7 days later I started smoking the pieces (apple pellets). I do 4 hours and then bag let it sit overnight repeat this until I get 12 hours of smoke (Pic 2) is after the 12 hours of smoke. 

The next night I sliced up a few pieces to try it (pic 3) and then made dinner (pic 4).
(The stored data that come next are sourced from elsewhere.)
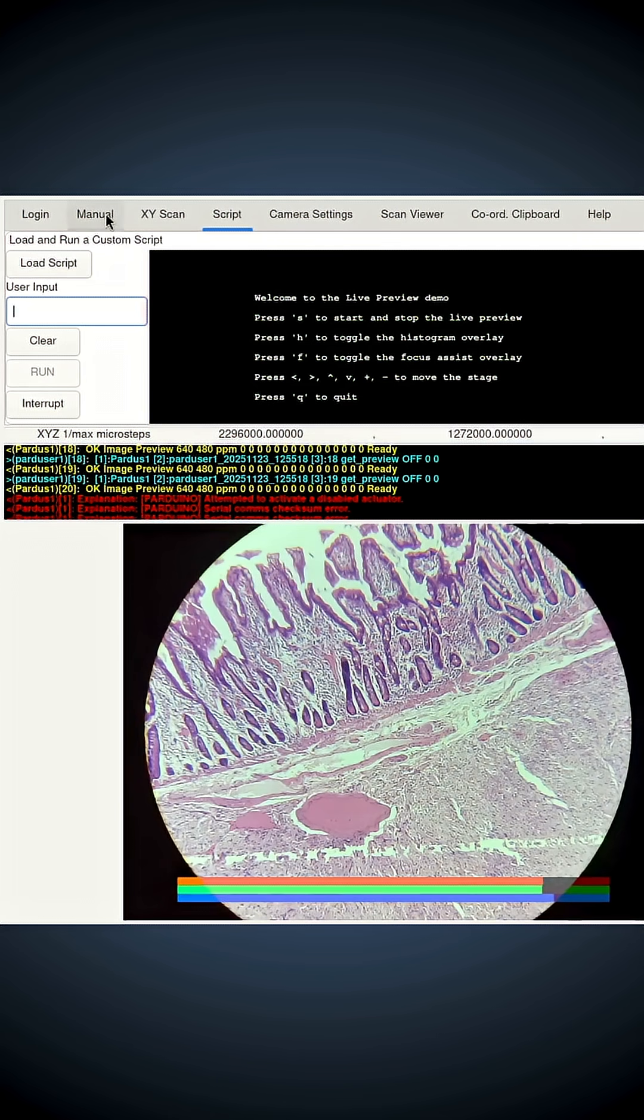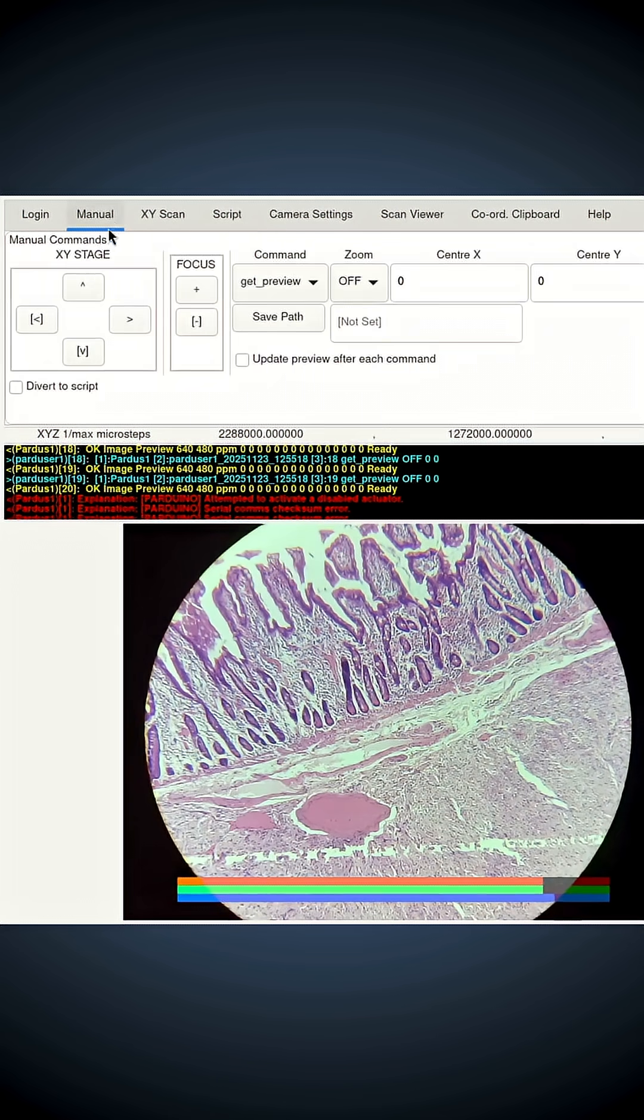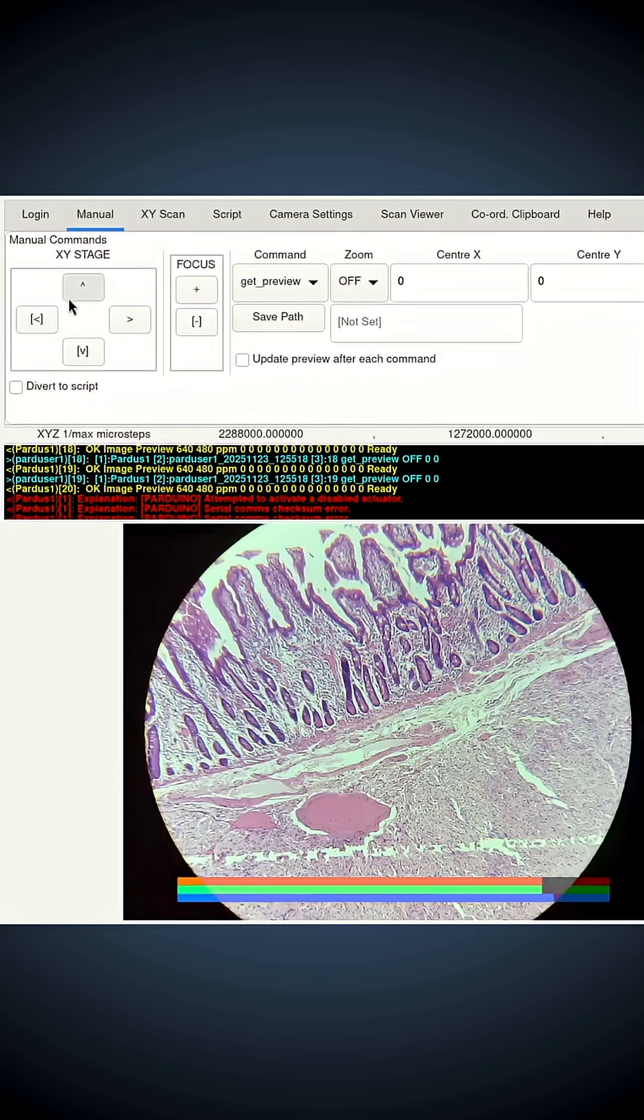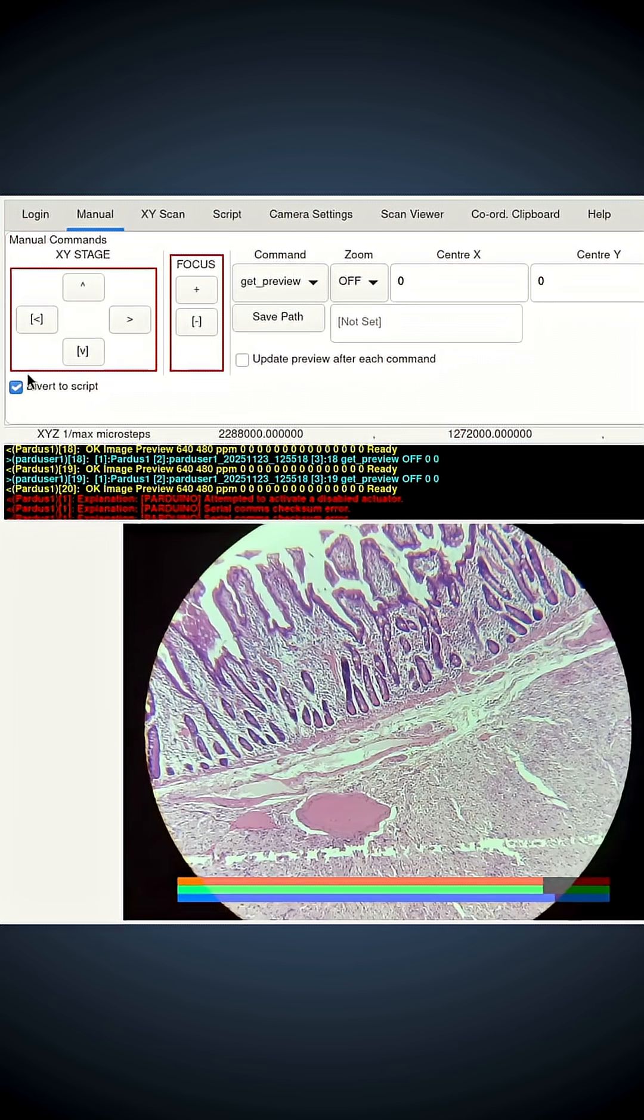It's because I've made some improvements to the manual buttons here. I've added this checkbox that says 'divert to script.' If you click it, you see a red box appears around the buttons.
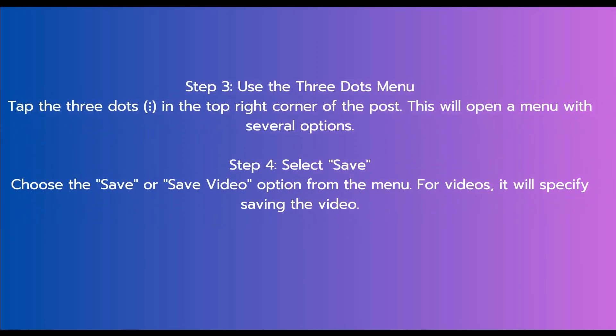The third step is to use the three dots menu. Tap the three dots in the top right corner of the post. This will open a menu with several options.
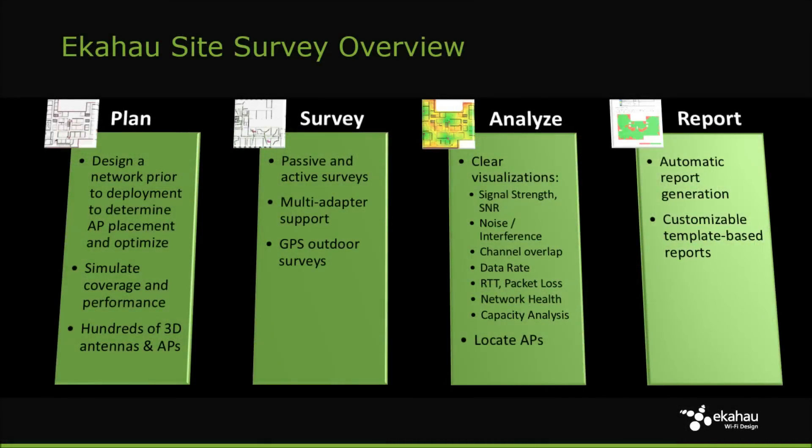ESS provides capabilities to plan, survey, and analyze Wi-Fi networks, as well as help alleviate the burden of report generation.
This batch came out really good. The flavor is nice with the dark brown sugar and apple smoke. I will break out the slicer this weekend and slice this all up (20 lbs) and put up a picure of it all sliced and bagged.

Thanks for looking.
Link


----------



## Co4ch D4ve (Feb 15, 2018)

Your bacon looks great... like!


----------



## Braz (Feb 15, 2018)

That is some good looking lean belly.


----------



## SmokinAl (Feb 16, 2018)

Looks excellent!
Al


----------



## gmc2003 (Feb 16, 2018)

Bacon looks good.

Point for sure.

Chris


----------



## Bearcarver (Feb 16, 2018)

Looks Great, Link!!!:)
Nice Breakfast too, but those eggs need a mess of CBP !!:D
Be Back to see the slices.
I Like.

Bear


----------



## link (Feb 16, 2018)

Thanks guys, Appreciate the kind words.

Bear, you are correct the seasoning had not been applied yet. Plus the yolks were a little over cooked (this time) but my wife made them so they were perfect, just the way I like them.


----------



## Bearcarver (Feb 16, 2018)

link said:


> Thanks guys, Appreciate the kind words.
> 
> Bear, you are correct the seasoning had not been applied yet. Plus the yolks were a little over cooked (this time) but *my wife made them so they were perfect, just the way I like them.*



Exactly---Can't disagree with that calculation!! :)

Bear


----------



## myownidaho (Feb 16, 2018)

Great looking bacon!


----------



## link (Feb 17, 2018)

All sliced and packaged. Packaged in half pound packs. A lot aof work but well worht it.


----------



## Bearcarver (Feb 18, 2018)

That Bacon Looks Outstanding, Link!!!:)

Beautiful Job!!:)

Bear


----------



## GaryHibbert (Feb 18, 2018)

Great job Link.  Beautifully lean bacon.
POINT
Gary


----------